Young workers have received the message about long-term financial security—and with increasing assistance from employers they are doing something about it, new research shows.

In the first half of 2014, the number of Millennials enrolling for the first time in a 401(k) plan jumped 55%, according to the Bank of America Merrill Lynch 401(k) Wellness Scorecard. This twice-yearly report examines trends among 2.5 million plan participants with $129 billion of assets under the bank’s care.

The brisk initial enrollment pace is due partly to the sheer number of Millennials entering the workforce. They account for about 25% of workers today, a figure that will shoot to 50% by 2020. But it also reflects a broader trend toward 401(k) enrollment. Across all generations, the number enrolling for the first time jumped 37%, Bank of America found.

One key reason for the surge in 401(k) participation is the use of auto-enrollment by employers, as well as other enhancements. The report found that number of 401(k) plans that both automatically enroll new employees and automatically boost payroll contributions each year grew 19% in the 12 months ended June 30. And nearly all employers (94%) that added automatic enrollment in the first half also added automatic contribution increases, up from 50% the first half of last year.

Enrolling in a 401(k) plan may be the single best financial move a young worker can make. At all age levels, those who participate in a plan have far more savings than those who do not. Another important decision is making the most of the plan—by contributing enough to get the full company match and increasing contributions each year.

Other added plan features include better educational materials and mobile technology. In a sign that workers, especially Millennials, crave easy and relevant information that will help them better manage their money, the bank said participants accessing educational materials via mobile devices soared 41% in the first half of the year.

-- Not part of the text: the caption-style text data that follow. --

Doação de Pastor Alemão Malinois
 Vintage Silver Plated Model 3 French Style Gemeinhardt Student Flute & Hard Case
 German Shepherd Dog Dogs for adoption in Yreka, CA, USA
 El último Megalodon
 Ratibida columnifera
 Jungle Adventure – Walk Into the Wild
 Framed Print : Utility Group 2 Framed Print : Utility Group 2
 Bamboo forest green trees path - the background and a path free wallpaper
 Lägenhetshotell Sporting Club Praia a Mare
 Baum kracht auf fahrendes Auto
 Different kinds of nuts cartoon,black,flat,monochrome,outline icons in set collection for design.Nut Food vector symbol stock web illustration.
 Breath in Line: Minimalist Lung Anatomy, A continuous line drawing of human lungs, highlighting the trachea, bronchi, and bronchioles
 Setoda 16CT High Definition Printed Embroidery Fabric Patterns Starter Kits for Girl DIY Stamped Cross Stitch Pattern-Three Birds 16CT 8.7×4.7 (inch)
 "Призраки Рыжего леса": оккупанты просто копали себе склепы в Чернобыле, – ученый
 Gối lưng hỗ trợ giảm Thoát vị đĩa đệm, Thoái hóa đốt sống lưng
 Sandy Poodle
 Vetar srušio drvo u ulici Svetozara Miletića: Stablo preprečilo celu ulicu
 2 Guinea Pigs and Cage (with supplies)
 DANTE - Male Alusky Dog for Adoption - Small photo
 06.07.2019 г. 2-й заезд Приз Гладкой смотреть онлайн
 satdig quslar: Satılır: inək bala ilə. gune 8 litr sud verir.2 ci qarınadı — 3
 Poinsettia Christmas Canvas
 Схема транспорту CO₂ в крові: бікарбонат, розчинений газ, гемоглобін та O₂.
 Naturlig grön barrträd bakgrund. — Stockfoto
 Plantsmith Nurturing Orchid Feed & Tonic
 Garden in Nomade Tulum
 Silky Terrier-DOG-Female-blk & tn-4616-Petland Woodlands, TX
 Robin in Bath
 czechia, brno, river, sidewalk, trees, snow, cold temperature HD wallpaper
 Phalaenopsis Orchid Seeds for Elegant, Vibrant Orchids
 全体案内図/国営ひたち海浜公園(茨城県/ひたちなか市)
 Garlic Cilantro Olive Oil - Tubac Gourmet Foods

The number of companies offering advice online, via mobile device or in person rose 6% and participants accessing this advice rose 8%. A third of those are Millennials, which suggests a generation that widely distrusts banks may be coming around to the view that they need guidance—and their parents and peers may not be the best sources of financial advice.

Millennials have largely done well in terms at saving and diversifying. They are counting more on personal saving and less on Social Security than any other generation, the report found. They seem to understand that saving early and letting compound growth do the heavy lifting is a key part of the solution. Despite its flaws, 401(k) plans have become the popular choice for this strategy.

Yet this generation is saddled with debt, mostly from student loans and credit cards, and most likely to tap their 401(k) plan savings early. Millennials are also least likely take advantage of Health Savings Accounts, or HSAs, which allow participants to set aside pre-tax dollars for health care costs. Health savings account usage jumped 33% in the first half, Bank of America found. But just 23% of Millennials have one, versus 39% of Gen X and 38% of Boomers.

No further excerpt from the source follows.